Required action:
Below are records to be transcribed exactly; any pictures should be left out.

Recorded data
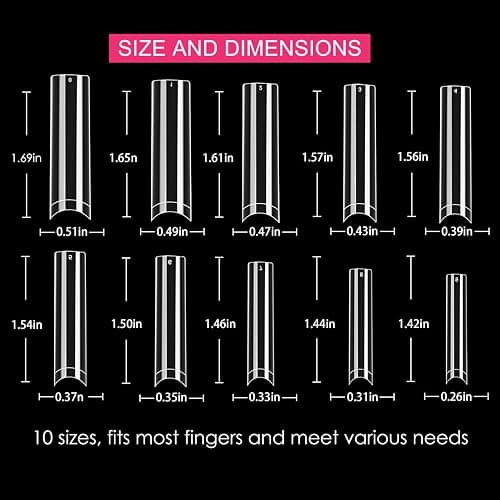 No C Curve Square Flat Nail Tips,SWETIDY 500Pcs XXL Extra Long Acrylic Clear Straight Tapered,Half Cover French Fake Nails for Nail Salon and DIY Nail Art 10 Sizes thumbnail 3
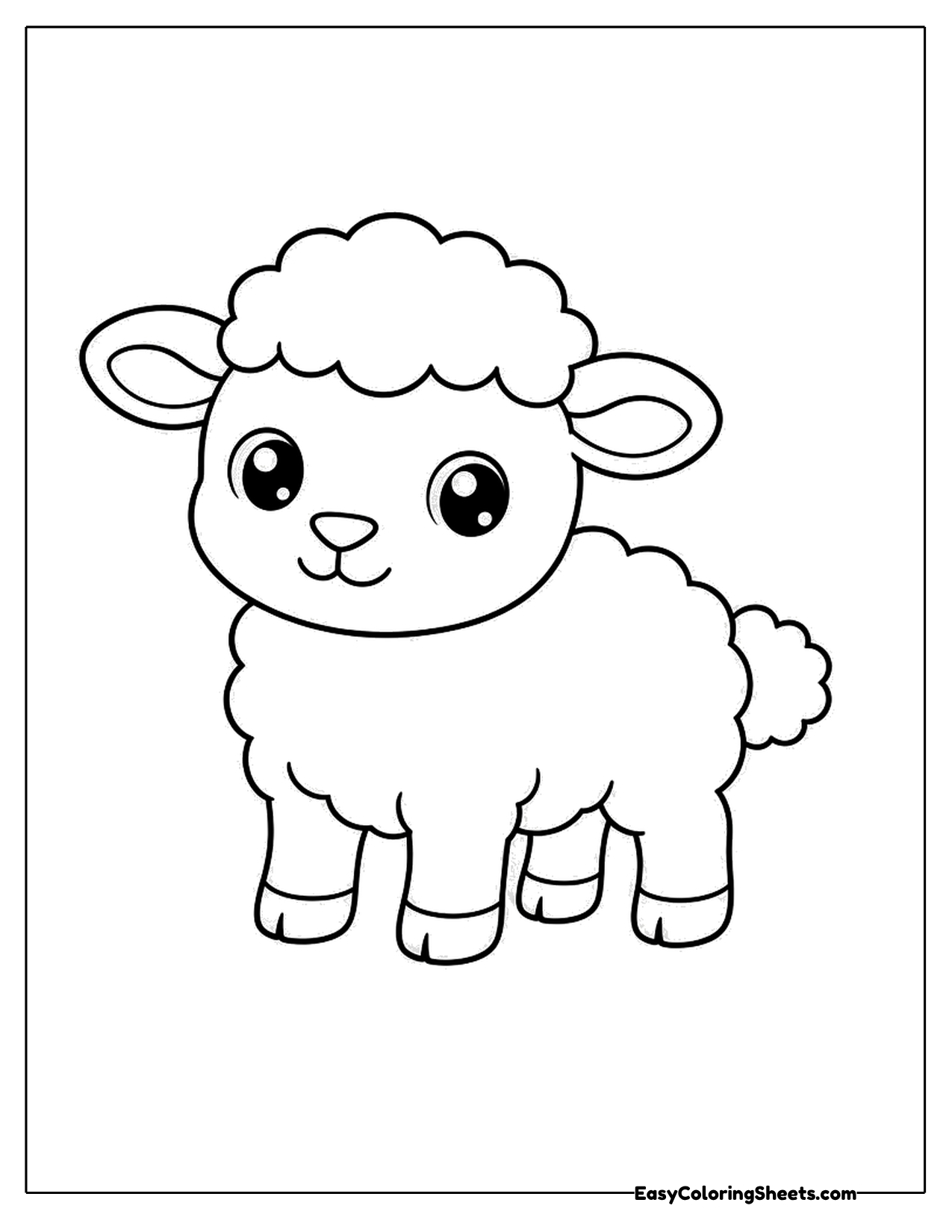 Baby lamb with curly wool and big eyes standing on four legs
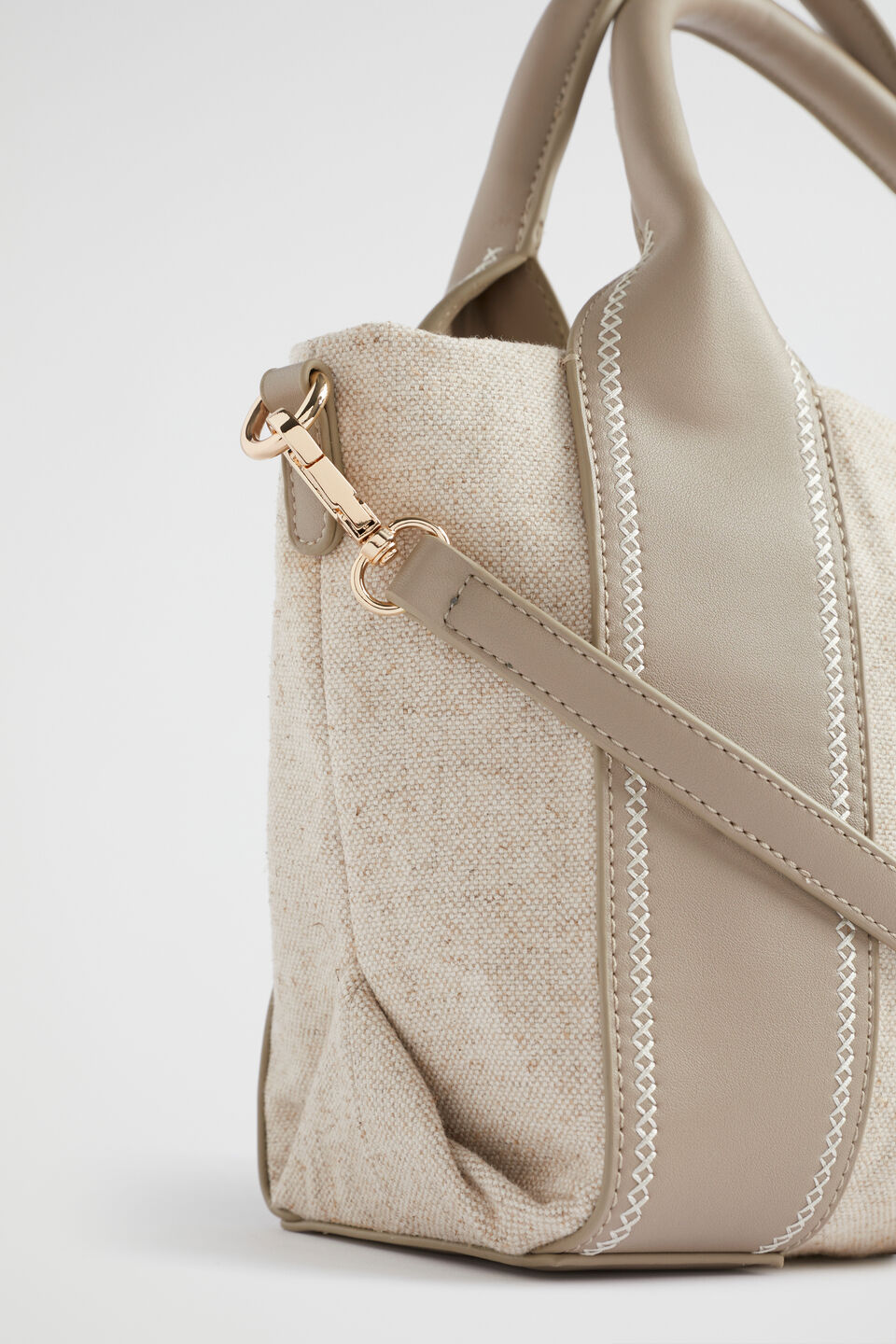 Textured Mini Stitch Detail Tote  Cookie Natural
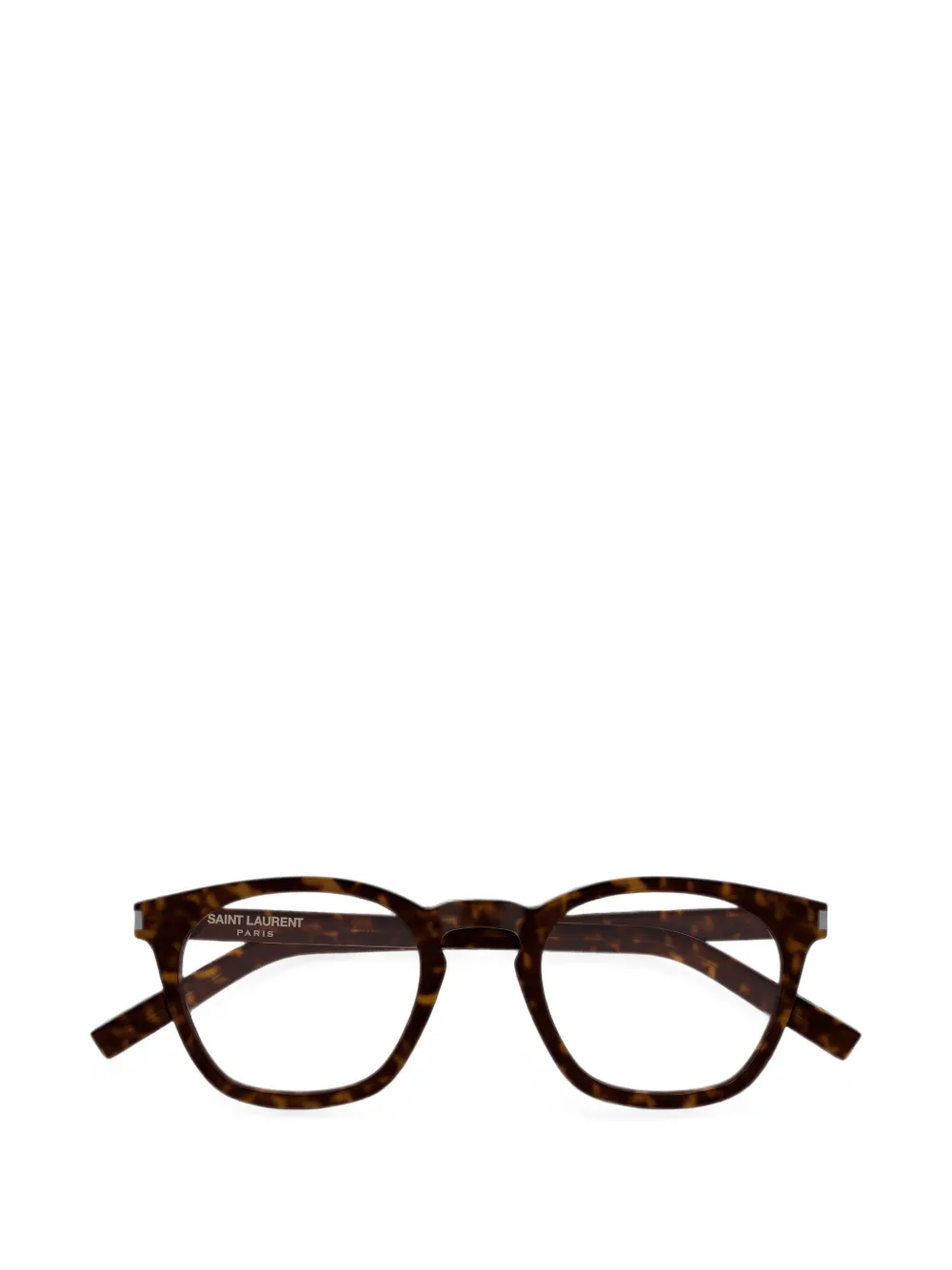 Saint Laurent Eyewear Bril met vierkant montuur en schildpadschild design Bruin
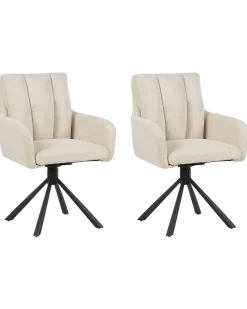 Sæt med 2 spisebordsstole SARDOAL Lys Beige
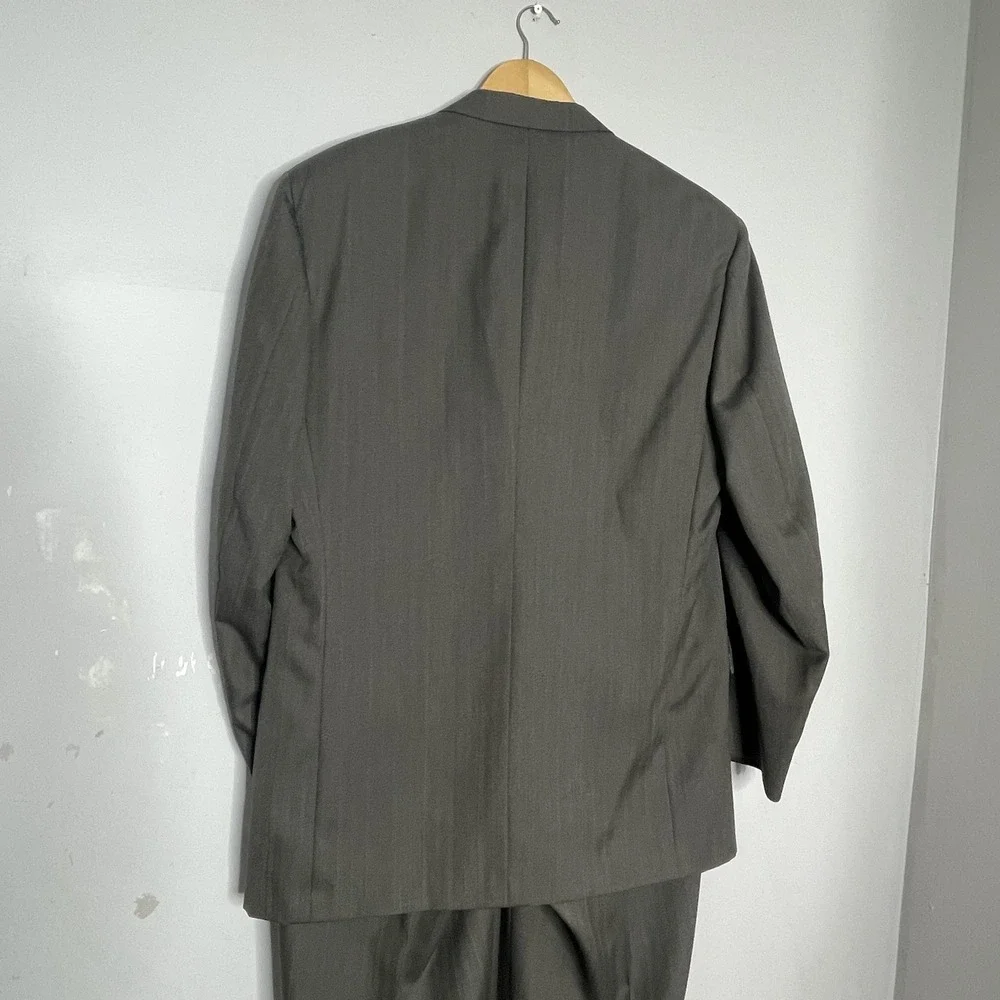 Christian Dior 43L 36x32 Brown Melange‎ Herringbone Stripe Suit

Reply to the exercise:
 No C Curve Square Flat Nail Tips,SWETIDY 500Pcs XXL Extra Long Acrylic Clear Straight Tapered,Half Cover French Fake Nails for Nail Salon and DIY Nail Art 10 Sizes thumbnail 3
 Baby lamb with curly wool and big eyes standing on four legs
 Textured Mini Stitch Detail Tote  Cookie Natural
 Saint Laurent Eyewear Bril met vierkant montuur en schildpadschild design Bruin
 Sæt med 2 spisebordsstole SARDOAL Lys Beige
 Christian Dior 43L 36x32 Brown Melange‎ Herringbone Stripe Suit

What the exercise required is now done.